The growing relevance of In-Memory Data Grids

The growing consumer affinity to cloud is spurring on various new technological trends. It’s not all new technology mind you, but there seems to be a growing appetite for anything that can remotely be put into the context of cloud computing. In some ways, cloud has been good for bringing previously existing technologies back to the forefront and resulting in needed innovation in the area. Besides virtualization technologies, I believe that one of the best examples of this is in-memory data grid technology.

Despite what some may try to purport, in-memory data grids are not a by-product of the cloud computing revolution. The truth is they existed for a while before cloud, but to be fair, IMDGs probably owe a tip of the hat to the cloud computing craze for bringing them back into the spotlight. Increasingly, we are seeing workloads that are highly scalable, temporal, and elastic making their way into the cloud. These application characteristics often align nicely with the use of IMDGs, so we see renewed interest and quite a bit of innovative activity around these solutions.

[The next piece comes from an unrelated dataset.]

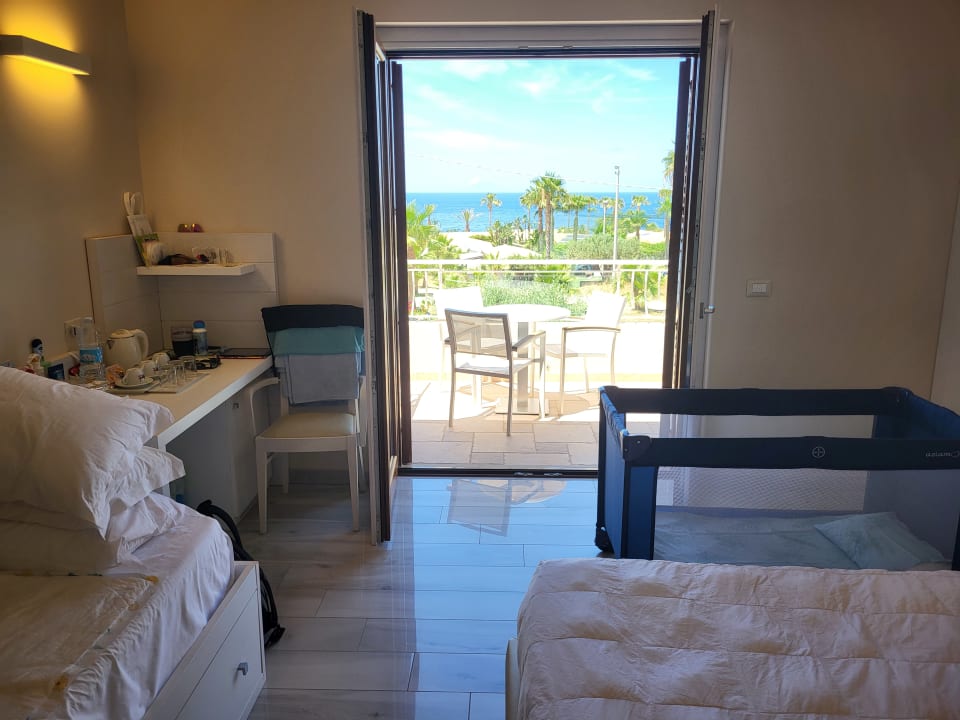 Zimmer Borgo Donna Canfora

I have been spending a lot of time lately working with users that are in the process of defining an evolution to their current enterprise middleware environments. In this work, cloud and IMDG technology has been front and center. My last few posts have been dedicated to talking about some of the cloud trends I have seen during the course of this work, but today I want to focus on IMDG solutions. Specifically, I want to share with you what I’m seeing in terms of how users are currently looking to use this technology, and provide my own thoughts about possible usage scenarios going forward. Let’s start with the common, currently targeted usage scenarios:

1) IMDG as a database buffer: This is perhaps the single most common use case. Here users look to front traditional data stores with a distributed IMDG. This can serve to increase the performance of the application and thereby improve end-user experience by offering faster data access. It can also help to reduce the pressure on the backend database by making the IMDG instance the system of record and periodically batching changes to send off to the database. There are many different techniques for buffering an existing database with an IMDG, but the motivations (increase performance, decrease database reliance, decrease costs) are usually much the same.

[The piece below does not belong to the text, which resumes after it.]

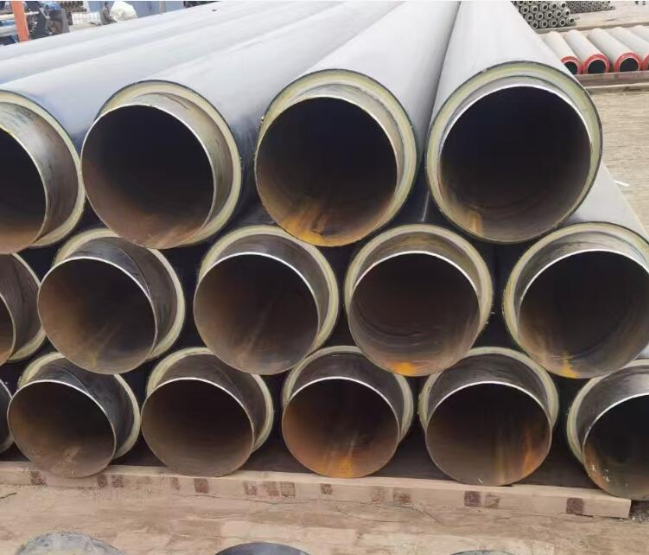 商洛聚氨酯保温管道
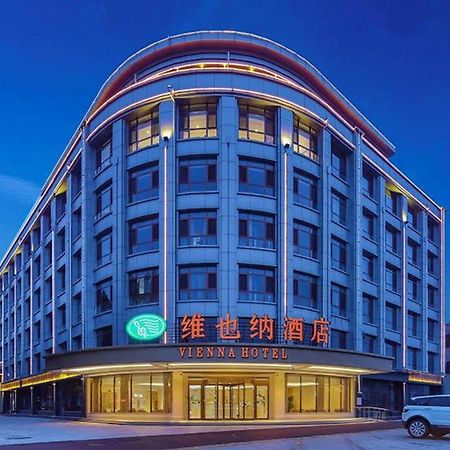 Vienna Hotel Hebei Cangzhou Suning Shenhua Road Luaran gambar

2) IMDG as a simple cache: You may hear this referred to as the side cache scenario as well. This usage pattern is a little less intrusive to existing application architecture than #1 above. Here, applications receive an incoming request that requires data, and they first check in the simple cache instance to see if the data exists there. If not, the application proceeds to retrieve the data normally, typically from a relational database system, and then inserts this data into the simple cache. Obviously, when the application finds data in the simple cache, you reduce the path of the application and thus decrease overall response time. This is an especially prevalent pattern for storing conversational state (think HTTP sessions) for applications.

3) IMDG as a service request cache: This is really a variant of #2 above, but I call it out separately because users typically implement it at a different tier in the application architecture. Instead of updating the application to be aware of some IMDG for a simple cache, users insert this awareness further up the stream, often at the ESB tier. Requests come into the application environment, but before they hit the application, some component dissects the request to determine if it can fulfill it from the cache. If so, the entire path becomes significantly shorter, and if not the mediation component inserts the response in the simple cache on the way back out. Again, it is not very different than #2, but in my opinion it is worth distinguishing as it occurs at a completely different tier in the overall architecture.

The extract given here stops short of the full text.